Artist Spotlight: C. Bedford

Artist Spotlight: C. Bedford


Bedford's sultry, languid men are dripping with sex and style, and drenched in libidinal color.


C. Bedford's cultural influences growing up were far and wide, covering early years in Queens, N.Y., then on to Greenville, N.C., for the first of a few regional shocks. At 15, a move to York, Pa.: "The desolate demeanor of this place made even Greenville seem like it was hustling, and time slowed even more," says Bedford. The last five years have been spent with husband in tow in England.

"I feel much more suited here; I miss my family dearly, but I'm not sure how honest I would be if I said that I missed America too," Bedford says. "There are moments I miss, and people, but it's hard to say how much the actual place influenced my experiences. I guess it has, now that I think about it."

"Illustrating is now my current occupation. I do commissions for people who are after what my style can provide, which is, as probably noticeable, androgynous men. I also like to try and keep my work rooted in the old ways of painting, so I look up to a lot of historic masters -- J.C. Leyendecker, Mucha, Lord Frederic Leighton," Bedford tells us.

Eventually, we were curious as to C. Bedford's gender, and this was the interesting reply: "I typically stay gender neutral online or when I'm not physically present at a place. This more has to do with people's perception of others and attaching those qualities to other things they do in life or what they create. And though my gender has affected how people treat me in the world (which would alter my own perceptions of how the world is); I also feel that my gender has little to do with the subjects of my work or why I choose to paint what I paint. It's not that I don't feel that I'm the correct birthed gender or anything, but rather I don't really understand what's so different about being male or female mentally. I've also had people in the past treat me differently or just automatically assumed things when they learned what gender I was, so I usually refrain. I think 'they' or 'them' would work fine. It's not that I'm trying to make a point or statement about gender, though this is a topic that comes up incredibly frequently given the nature of my work, so I suppose a point will be made regardless. My art is more important to me than my gender, and I think people should try to understand it for what it is, rather than trying to break it down by applying my physical attributes to 'decode' whatever it is I've made with stereotypes. I hope this isn't all confusing. I know it shouldn't be a big deal, but I've always had trouble physically associating myself with my work. I'm trying to get over this."

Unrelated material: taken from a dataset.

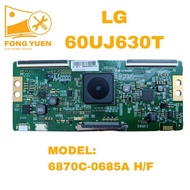 60UJ630T LG 60" TV TCON BOARD 60UJ630T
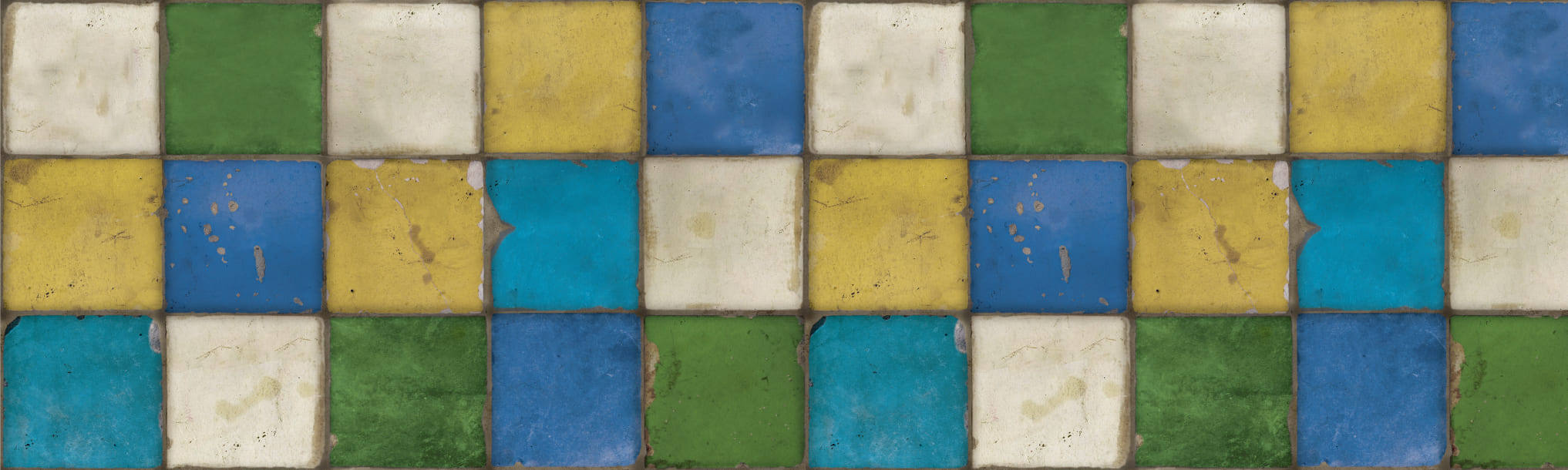 mt CASA Fleece - Tile Vintage - 230mm Washi Tape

Secondx400_0About Bedford's technique and mediums: "As far as mediums go, I do work with graphite a lot, and most usually a mechanical pencil. People tend to get a lot of flack for using mech pencils rather than wood for all sorts of reasons, but I'm very much a believer that a person makes art using whatever tools are available. Though I prefer nice thick paper, I'm not too picky what I use. I also do a lot of digital painting (using Photoshop and a pen tablet), which is becoming increasingly more popular. I find it is easier because you're not having to deal with lots of paint and mediums or oils; you're not having to buy new canvases or brushes and solvents frequently. I've been familiar with digital painting since I was about 14, and it made [it possible for] someone who couldn't really afford all the materials actually have access to creating a wider variety of art with color. I do try to paint in a more traditional way with my digital works. Meaning I only use one layer in each painting, and I only use the brush tool and choose the colors I want to use (so I don't often use effects and never use premade filters). Nearly every digital painting I make starts off as a paper sketch. I then scan it in and start applying paint on top as you would a sketch on a canvas. I like keeping it simple and as close to traditional painting as I can. "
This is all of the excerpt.